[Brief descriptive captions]

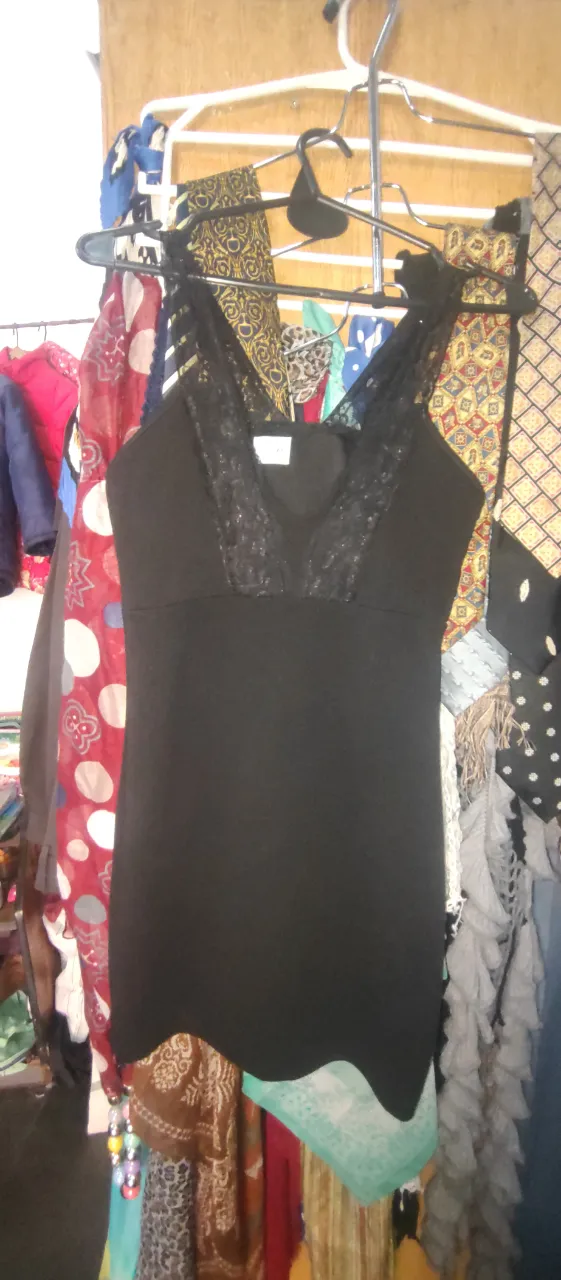 Vestido negro mini con detalles de encaje en el escote y tirantes. Ideal para una salida o fiesta.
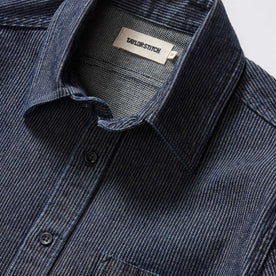 material shot of the collar on The Utility Shirt in Rinsed Indigo Stripe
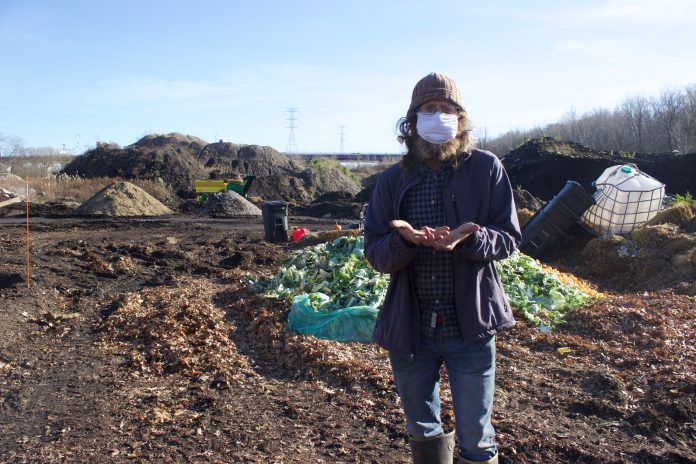 rust_belt_riders_4 A man stands in front of a composting facility.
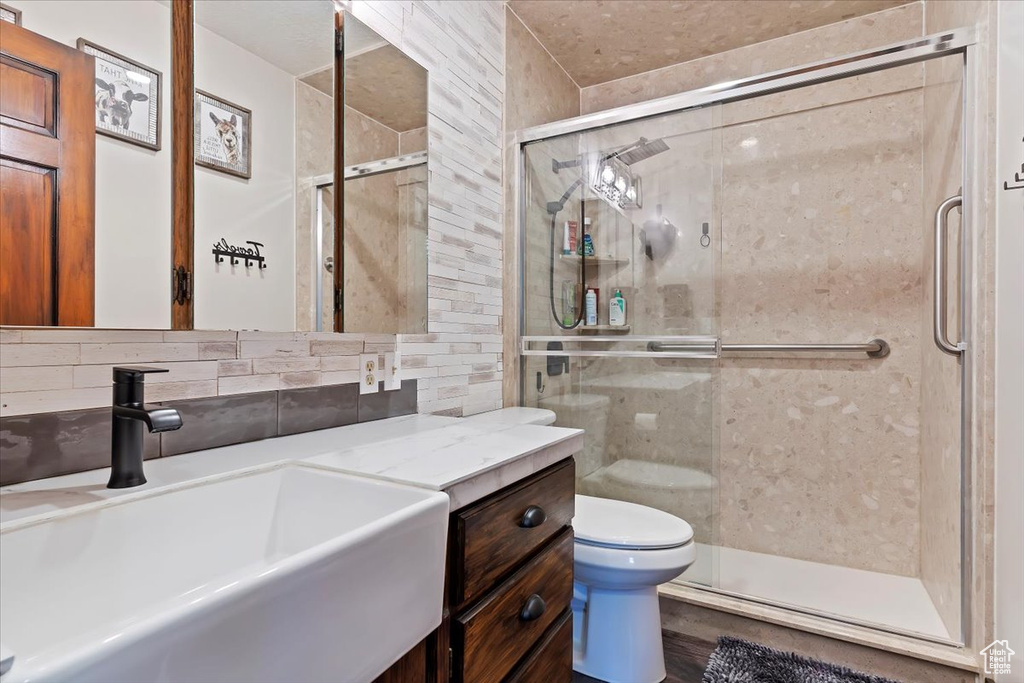 Bathroom with a stall shower, toilet, vanity, and backsplash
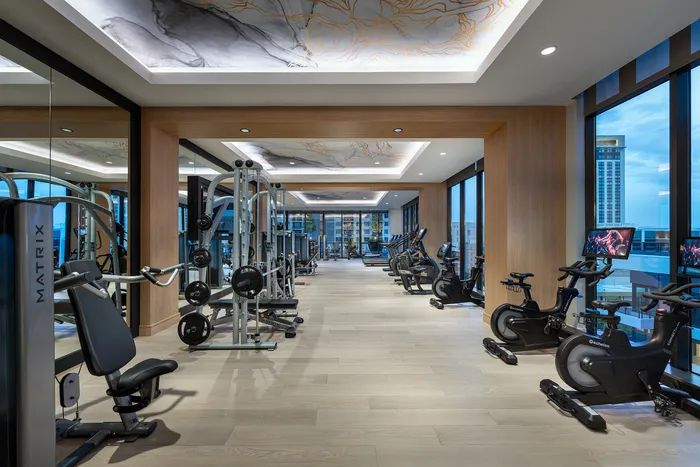 Luxurious fitness center with state-of-the-art gym equipment, sleek wooden flooring, and expansive city views.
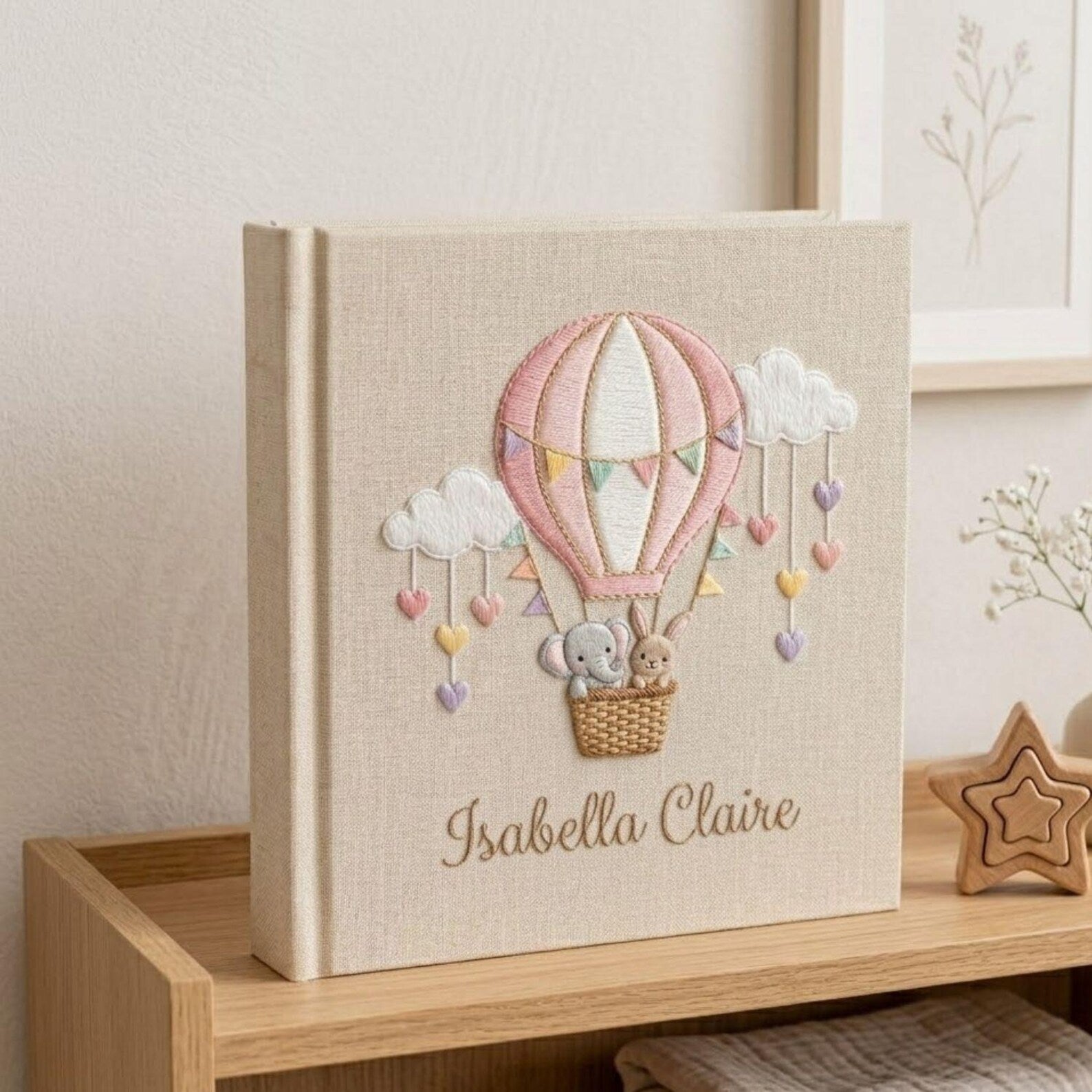 Personalized hand embroidered photo album featuring an elephant and bunny in a pastel hot air balloon with hanging hearts and custom name embroidery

▶ WHAT TO DO
From the first line to the last, repeat the records exactly and skip the pictures.

▶ EXERCISE ANSWER
 Vestido negro mini con detalles de encaje en el escote y tirantes. Ideal para una salida o fiesta.
 material shot of the collar on The Utility Shirt in Rinsed Indigo Stripe
 rust_belt_riders_4 A man stands in front of a composting facility.
 Bathroom with a stall shower, toilet, vanity, and backsplash
 Luxurious fitness center with state-of-the-art gym equipment, sleek wooden flooring, and expansive city views.
 Personalized hand embroidered photo album featuring an elephant and bunny in a pastel hot air balloon with hanging hearts and custom name embroidery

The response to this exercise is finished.